IMO, for this team to work minutes wise, Jack/Webster/McRob need to be gone. That would enable us to go:

PG: (Draft Pick)/Blake 
SG: Brandon Roy/ Rudy Fernandez
SF: Rudy Fernandez/James Jones/Travis Outlaw
PF: LaMarcus Aldridge/Travis Outlaw/Channing Frye
C: Greg Oden/Joel Przybilla

If we cut McBob and Trade Jack/Webster we have 10 players. If we get 2-3 players back in a trade it goes to 12-13. 

So I guess what I'm trying to say is, in order for us to bring someone over like Petteri we are going to need to trim the fat on this roster.


----------



## ThatBlazerGuy (May 1, 2003)

Do you really see Rudy as a SF. I think he is tiny for a SG, put him at SF in the west and he is going to give up far more points than he scores. Lets break down the starting western SF's...

LAL- Lamar Odom- Far taller, stronger than Rudy. Abuses him.
NOH- Peja is 3-4 inches taller and an shoot over Rudy. Even his D would appear physical on Rudy. 
UTAH- AK47? Far more athletic and even his stick figure esque body is larger.


I dont even want to keep going. Rudy is 6'5-6'6 and about 189lbs. Playing him, or even Roy at SF is an immense waste.


----------



## World B. Free (Mar 28, 2008)

ThatBlazerGuy said:


> Do you really see Rudy as a SF. I think he is tiny for a SG, put him at SF in the west and he is going to give up far more points than he scores. *Lets break down the starting western SF's...*
> 
> LAL- Lamar Odom- Far taller, stronger than Rudy. Abuses him.
> NOH- Peja is 3-4 inches taller and an shoot over Rudy. Even his D would appear physical on Rudy.
> ...


Gosh you seem to know a lot about Rudy. YouTube scout...

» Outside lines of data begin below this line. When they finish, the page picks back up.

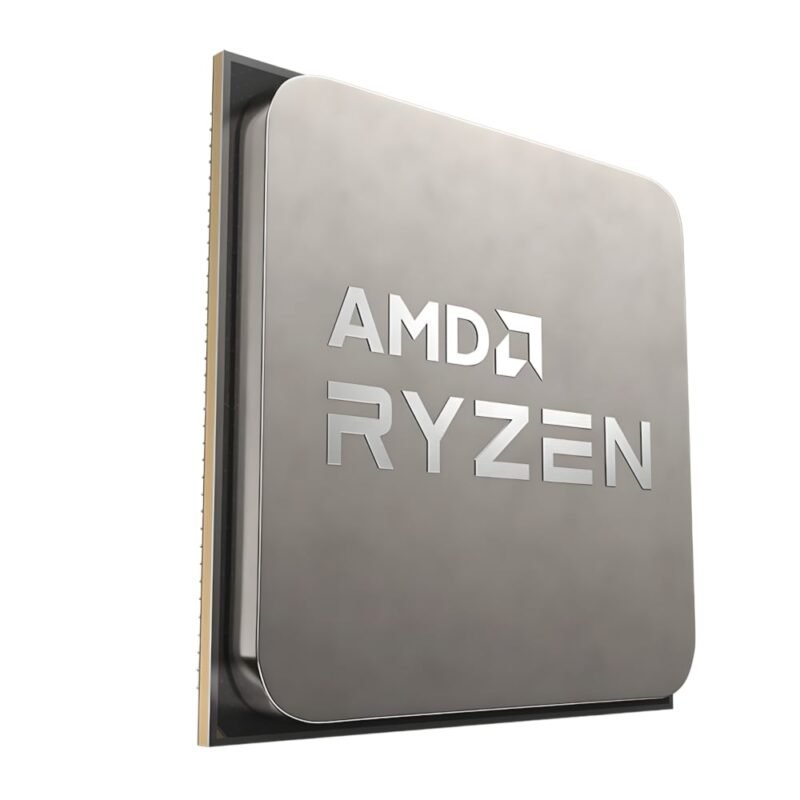 PCBuilder Ryzen 5 5600XT PATHFINDER Windows 11 Gaming PC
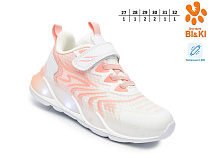 Кроссовки Том.М 60002H LED в магазине Фонтан Обуви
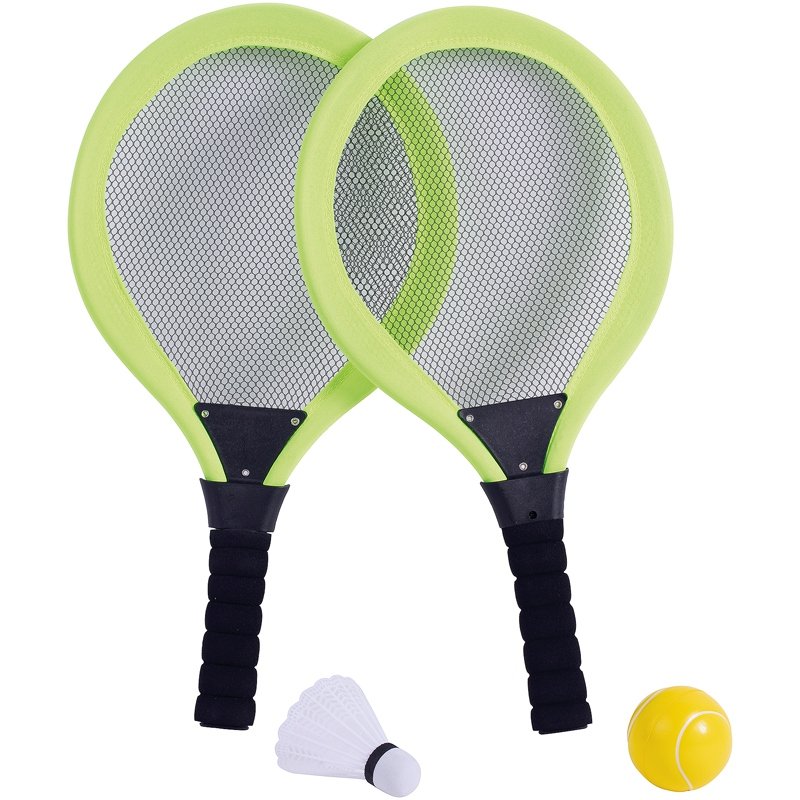 RAQUETTE TAMIS FILET BAL ASS2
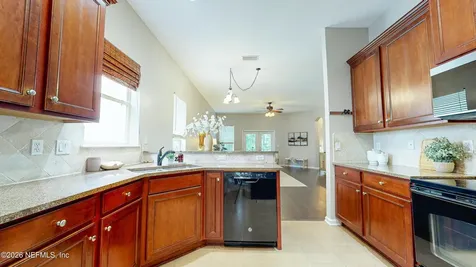 2029 Cypress Bluff Court Fleming Island FL 32003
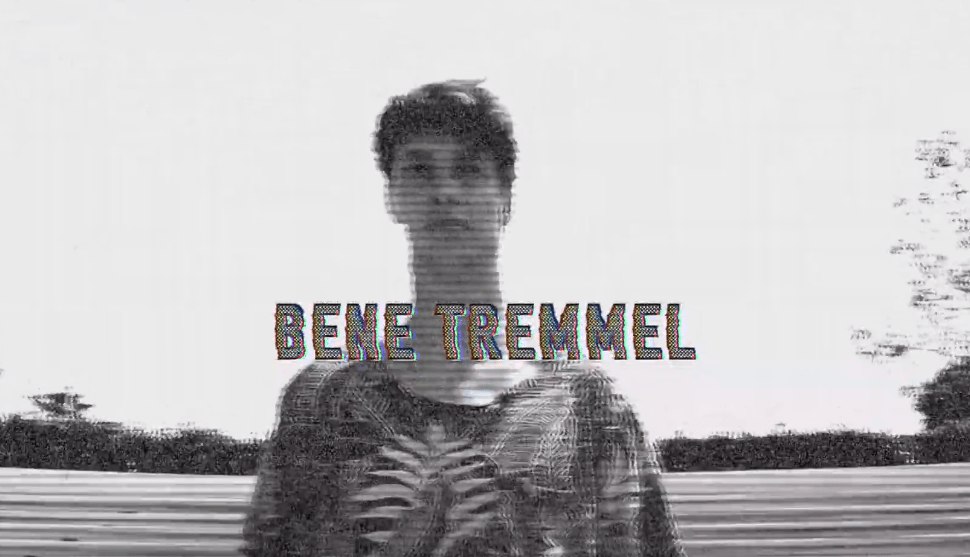 En este momento estás viendo BENE TREMMEL / VS CWC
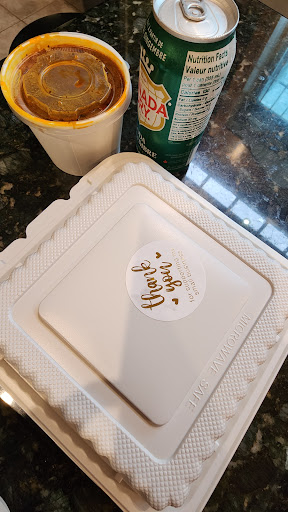 Photo of Shawarma Cafe - 1412 E 49th Ave, Vancouver, BC V5P 1S3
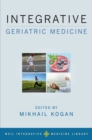 Integrative Geriatric Medicine - Book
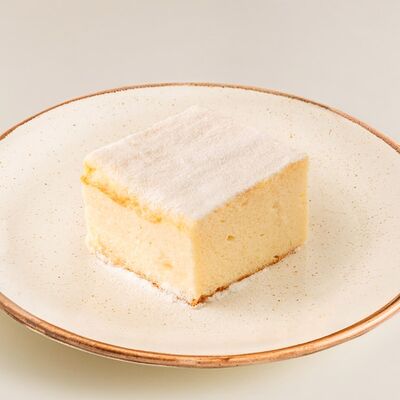 Творожная запеканка классическая в Баранкин по цене 315 ₽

And there are only 3 starting western SFs?


----------



## DonCorleone (Jul 1, 2005)

Just looking at Rudy's frail body, he definitely looks more like a SG/PG rather than a SG/SF, at this stage of his career at least. It isn't like he is 6'9" and skinny. He is skinny plus undersized height wise for a SF.


----------



## nikolokolus (Jan 29, 2008)

World B. Free said:


> Gosh you seem to know a lot about Rudy. YouTube scout...
> 
> And there are only 3 starting western SFs?


You're act is really starting to wear thin.

You don't have to be "Scout in Charge of International Players" to know that 6'5", 6'6" and 180-190lbs. would make Rudy incredibly undersized at the 3 spot. 

And no, we don't really need a list of every SF in the league to know that Rudy would be one of the shortest and almost certainly lightest 3s in the league, but just to name a few more who would abuse Rudy on a nightly basis (at either one end of the court or the other):
Kevin Durant, Ron Artest, Andre Iguodala, Shawn Marion, Tayshaun Prince, Lebron James, Paul Pierce, Hedo Turkoglu, Carmelo Anthony, Caron Butler, Corey Maggette, Josh Childress, Rudy Gay, Luol Deng, Josh Howard, Josh Smith, Shane Battier, Danny Granger ... Should I continue?


----------



## STOMP (Jan 1, 2003)

nikolokolus said:


> You're act is really starting to wear thin.
> 
> You don't have to be "Scout in Charge of International Players" to know that 6'5", 6'6" and 180-190lbs. would make Rudy incredibly undersized at the 3 spot.
> 
> ...


There are very few starting NBA 3s who wouldn't have significant size (height, length, weight) on Rudy. I very much doubt he'll ever spend more then spot minutes there. 

Just a guess why Barrett and others keep mentioning him at the 3 is that the other option is the 2 where Roy is obviously the guy. Barring the remote possibility of a big roster shake up on draft day, I expect we'll see Rudy coming off the bench to start the year as the primary backup guard. If his defense proves to be at least OK, I'd expect to see Brandon and him starting together in the backcourt by midseason. But saying that is opening a much bigger can of worms for a rosy optimist like Barrett.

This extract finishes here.